Terbentuknya suatu keluarga itu yakni dari sebuah pasangan laki-laki dan wanita yang melakukan sebuah ikatan perjanjian. Allah mencipatakan manusia berpasang-pasangan untuk menjalin silaturrahim dan saling mengenal diantara keduanya. Dari keluarga inilah muncul masyarakat yang baik yang dapat melaksanakan syariat Allah dan sendi-sendi agama Islam yang lurus. Sebagaimana Allah telah memerintahkan secara umum untuk bertakwa, menyambung silaturrahim, dan interaksi antara suami dan isteri serta menyandingkan antara taqwa kepadanya dengan perintah untuk berbuat baik kepada keluarga dan melarang memutuskan tali silaturrahim.
Di dalam ikatan perjanjian merupakan suatu ungkapan yang mulia. Sehingga, ungkapan itu mengeluarkan ungkapan perkawinan dari ikatan hak milik; Perkawinan diungkapkan sebagai mitsaqon ghalidhon (perjanjian yang kuat). Dalam ungkapan ini menuntut untuk adanya pemeliharaan, kasih sayang dan kecintaan. Dengan demikian perkawinan adalah sebuah ikatan perjanjian yang mulia dan ikatan yang kuat, mengikat qalbu dan menyatukan kemaslahatan demi terbentuknya keluarga yang harmonis, sakinah mawaddah warahmah. Kebahagiaan hidup dalam berumah tangga untuk terbentuknya keluarga yang sakinah mawaddah warahmah harus dilandaskan atas tiga unsur: ketentraman, kecintaan dan kasih sayang.

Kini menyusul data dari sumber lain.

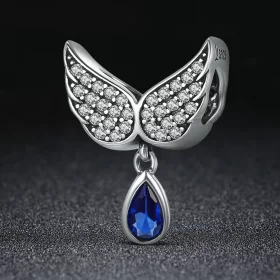 Pandora Style Silver Angel Wings Charm - SCC481 Pandora Style Silver Angel Wings Charm - SCC481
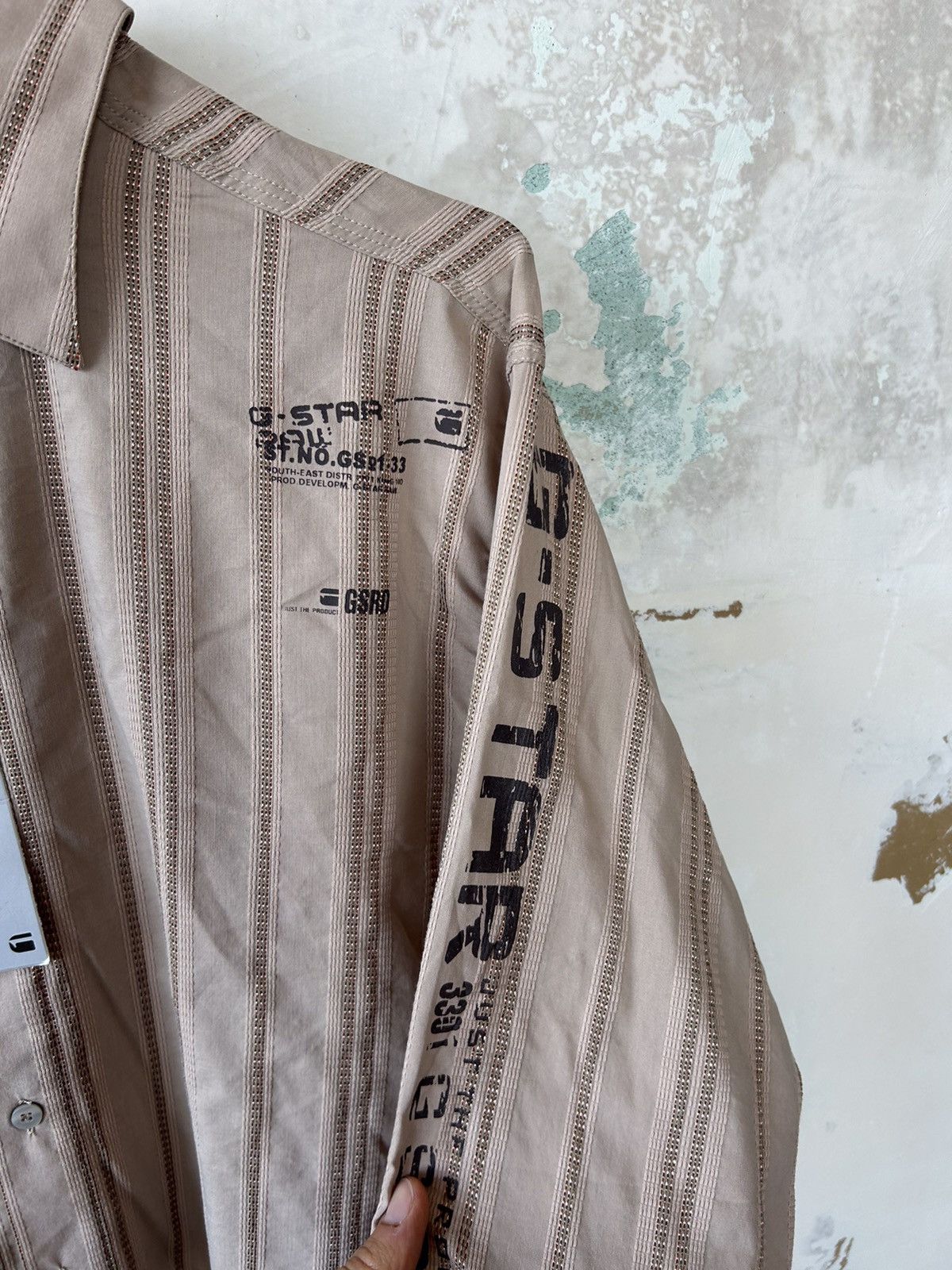 Designer × G-Star G STAR RAW BUTTON SHIRT Size US XL / EU 56 / 4 - 5 Thumbnail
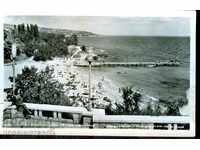 TRAVEL CARD VARNA A GENERAL VIEW OF THE BEACH BEFORE 1960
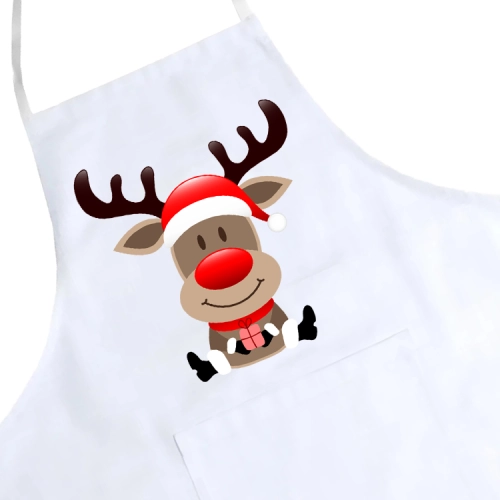 FARTUCH KUCHENNY ŚWIĄTECZNY PREZENT RENIFER
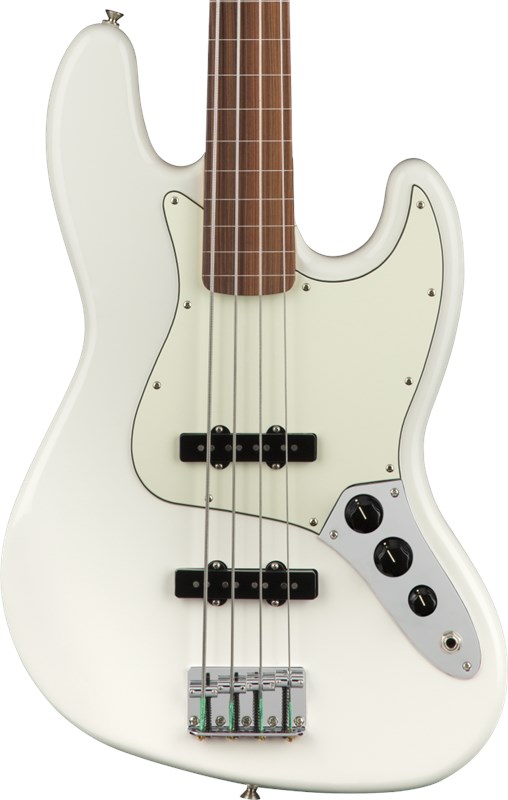 Fender Player Jazz Bass Fretless Polar White
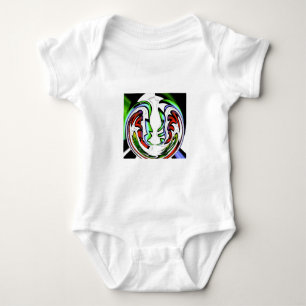 Abstraktes Gesicht Hakuna Matata Kunstdruckerei Baby Strampler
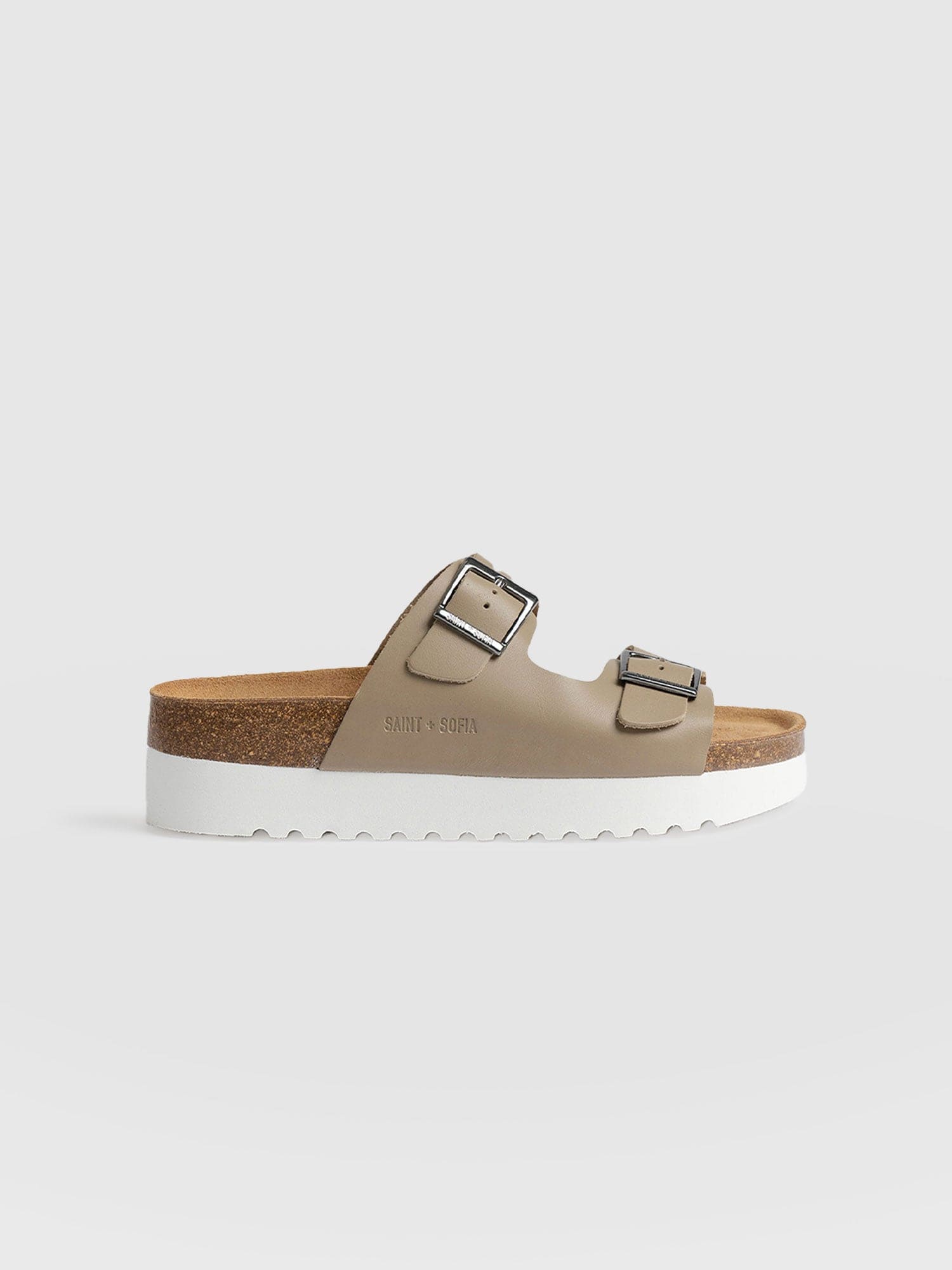 Sutton Slide Taupe - Women's Sandals | Saint + Sofia® USA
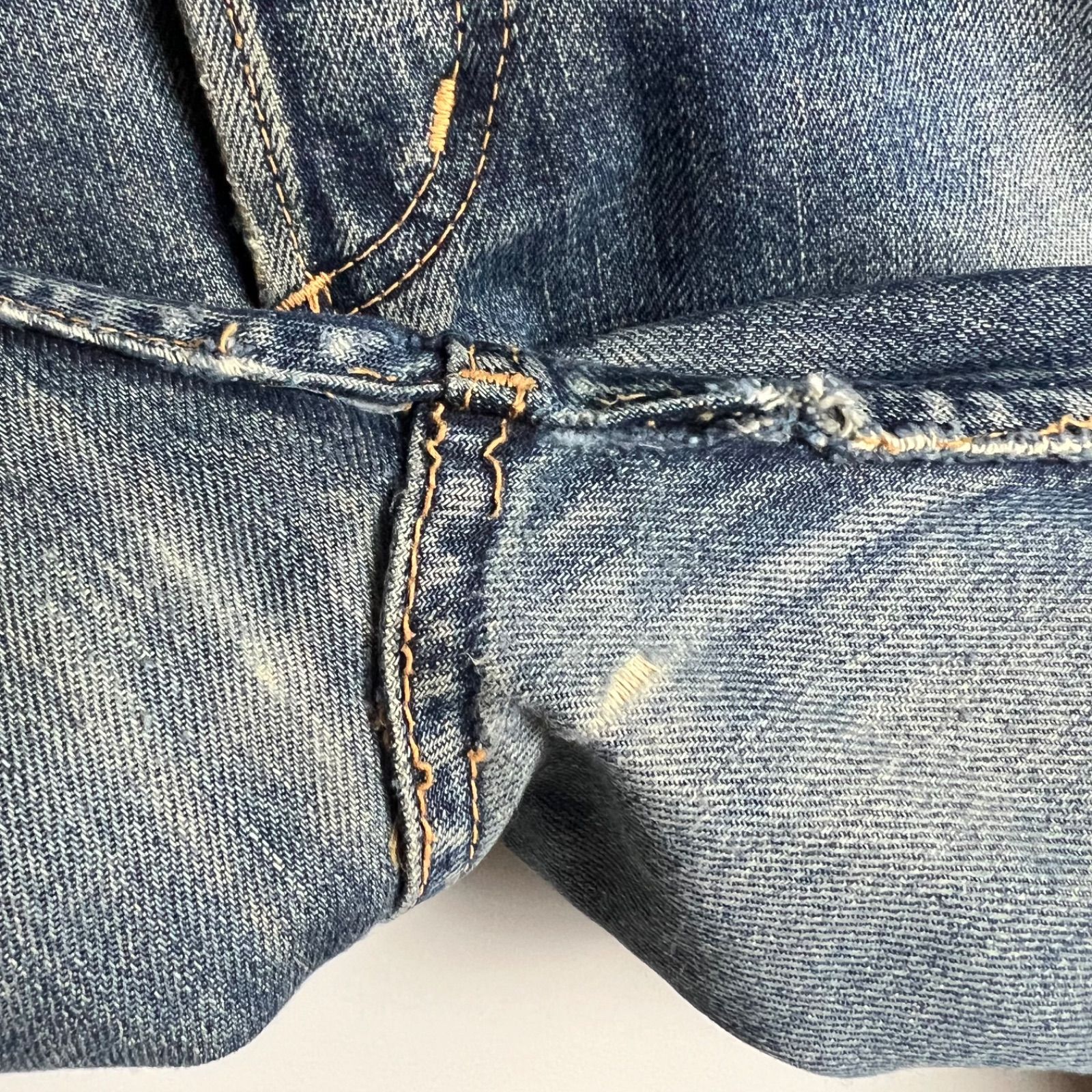 ANACHRONORM JAPAN made damaged denim pants w34 アナクロノーム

Firman Allah dalam al-Qur'an:
وَمن ايته ان خلقكم من انفسكم ازوج لتسكنوا اليها وجعل بينكم مودة ورحمة, انّ فى ذلك لايتٍ لقوم يتفكّرون.
"Dan di antara tanda-tanda kekuasaan-Nya ialah Dia menciptakan untuk kalian istri-istri dari jenis kalian sendiri, supaya kalian cenderung dan merasa tentram bersamanya, dan dijadikannya diantara kalian rasa kasih sayang. Sesungguhnya pada yang demikian itu benar-benar terdapat tanda-tanda bagi kaum yang berfikir. (QS. ar-Rum: 21)
Banyak orang yang menjadikan perkawinan sebagai sarana untuk memperkaya diri dari dan dengan harta istri ataupun harta suami. Mereka hanya berfikiran matrealistis yakni melakukan perkawinan didasari dengan ingin menguasai harta dari istri atau suami. Hal tersebut hanya menyebabkan bahtera rumah tangga yang terjalin itu runtuh. Bagi kehidupan berkeluarga untuk berjalan lebih baik dan menjadi produktif, anggota keluarga harus memiliki disiplin dan berkelakuan baik sifat mementingkan diri hendaklah dibuang jauh-jauh, sementara kerjasama dan saling berbuat baik harus digalakan diantara mereka semua dan jangan saling menganiyaya diantara keduanya.

BAB II
PEMBAHASAN
SURAT an-NISA AYAT 1
بسم الله الرّحمن الرحيمِ

يَا أَيُّهَا النَّاسُ اتَّقُوا رَبَّكُمُ الَّذِي خَلَقَكُمْ مِنْ نَفْسٍ وَاحِدَةٍ وَخَلَقَ مِنْهَا زَوْجَهَا وَبَثَّ مِنْهُمَا رِجَالًا كَثِيرًا وَنِسَاءً وَاتَّقُوا اللَّهَ الَّذِي تَسَاءَلُونَ بِهِ وَالْأَرْحَامَ إِنَّ اللَّهَ كَانَ عَلَيْكُمْ رَقِيبًا.( النساء : 1
Hai sekalian manusia, bertaqwalah kepada Tuhan kamu yang telah menciptakan kamu dari dir yang satu, dan menciptakan darinya pasangannya Allah memperkembangbiakan dari keduanya laki-laki yang banyak dan perempuan. Dan bertaqwalah kepada Allah yang dengan nama-Nya kamu saling meminta dan (pelihara pula) hubungan silaturrahim. Sesungguhnya Allah Maha mengawasi kamu (QS. an-Nisa: 1)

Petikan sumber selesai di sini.